Eventually, the foggy boundaries of the city undulated in front of them, outlines of buildings taking shape before solidifying into consistent lines. The old stones, the eerie lamps, it all came back, same as they left it before.

It was strange to feel a sense of familiarity in a place they didn’t realize existed a week ago. Even stranger that it, in theory, was trying to kill them at all times. Kyrylo still couldn’t explain why some of the spirits they had encountered seemed to have no interest in their lives.

He checked around as they settled into the city, the damp fog pressing onto his skin wherever it could and sinking into his clothes everywhere else. The old stone buildings looked too similar to each other for him to really discern them and he certainly wasn’t so familiar with this place that he could say he recognized them.

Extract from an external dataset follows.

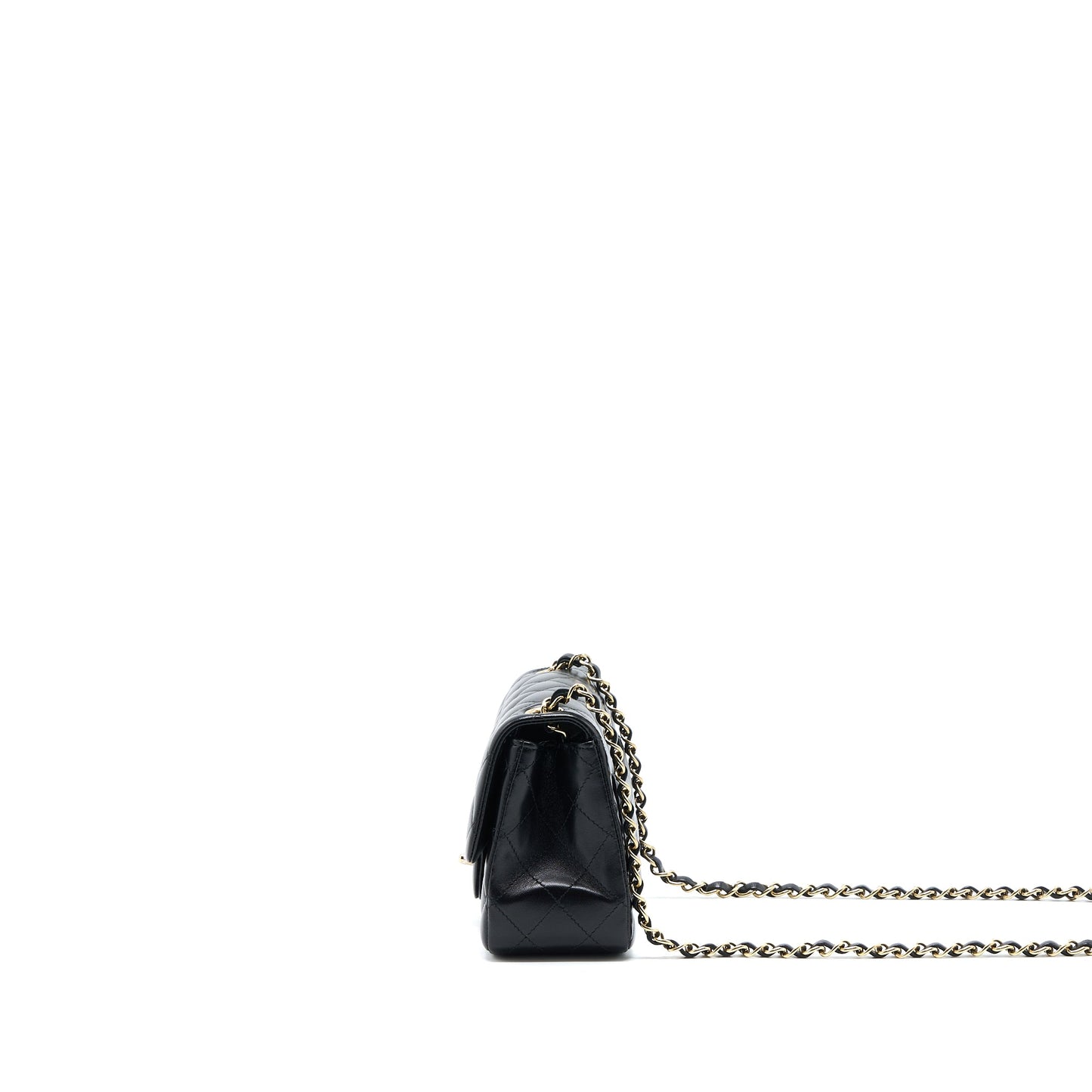 Chanel Mini Square Flap Bag Lambskin Black LGHW (Microchip)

But then there it was. The door with faded yellow painted on the front. Metal beams across to reinforce it. Oleg’s bar.

“Kind of crazy that worked out,” Felix said, stepping next to Kyrylo. His hand was hovering over his side and something clicked in his head. “Oh shit, dude, we didn’t get our swords back.”

“Relax,” Kyrylo replied. He pulled out both of their weapons from his back and handed them over, relishing the moment Felix had normally held over him. “Webb gave them back when I was leaving.”

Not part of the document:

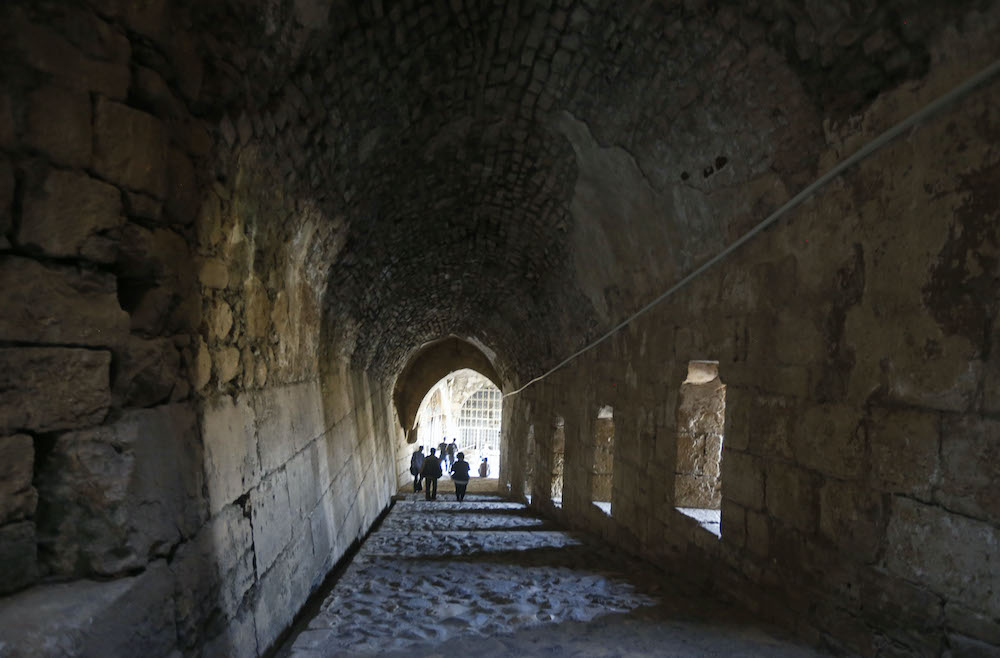 This picture taken on October 20, 2020 shows a view of a passageway inside the medieval Crusader fortress Krak des Chevaliers, west of Syria’s central city of Homs and close to the border with Lebanon. ― AFP pic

“I wasn’t even thinking,” Felix continued, snatching away his sword. “It was just like usual patrol. I always have it on me.”

“A king has to watch over his subjects,” Kyrylo said, doing a slight bow.

“Watch it.”

Kyrylo chuckled and approached the door, starting to push on it before pausing to wonder if it would even be open. Or how time worked here. He shook the thoughts away. “We’ll just check in with Oleg and see who else he knows. Do our own investigation, right?”

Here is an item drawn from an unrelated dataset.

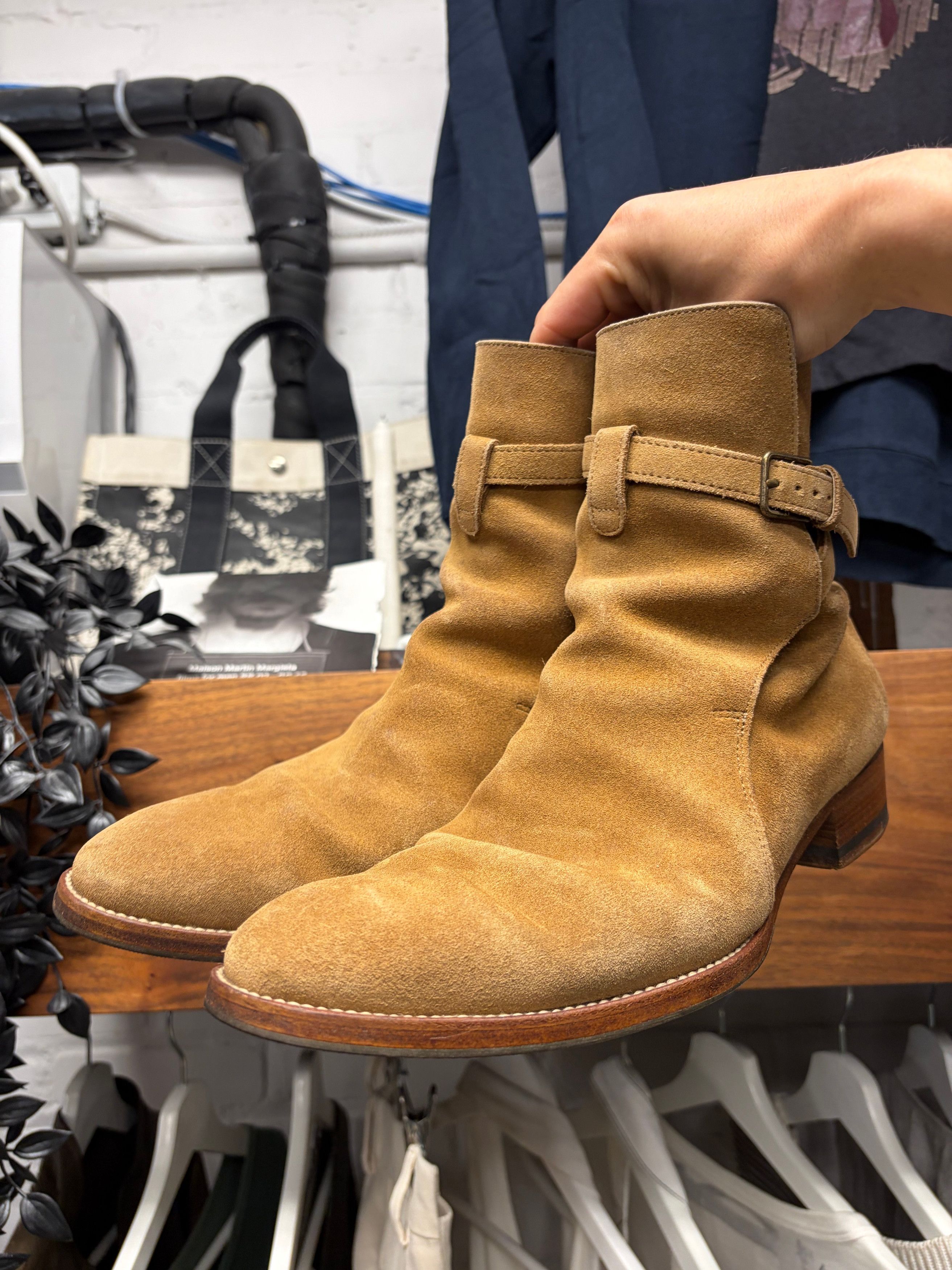 Saint Laurent Paris Saint Laurent ‘Jodhpur’ Brown Suede Harness Pointed Toe Ankle Boots Size US 7 / EU 40 - 3 Thumbnail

“Right,” Felix answered, nodding. He had holstered his sword and his hand was back above it for comfort, his jaw tight with his anxiety.

“Just be cool,” Kyrylo said. “I’m a living legend now, right?” He shoved the door open and stepped inside.

There was Oleg, standing behind his bar, cleaning a glass like he wasn’t a humanoid-deer-hybrid-thing. He was wearing another crisp shirt, different from before but well within his established style as uptight bar owner. It was a bizarre amount of class to attribute to a spirit but he owned it well, nodding at the pair as they entered, a faint smile on his lips. Silvestia was at her table, still wrapped in her rags and hidden away. She had a drink in front of her and she waved it in the air gently as a gesture of greeting to the pair that had arrived.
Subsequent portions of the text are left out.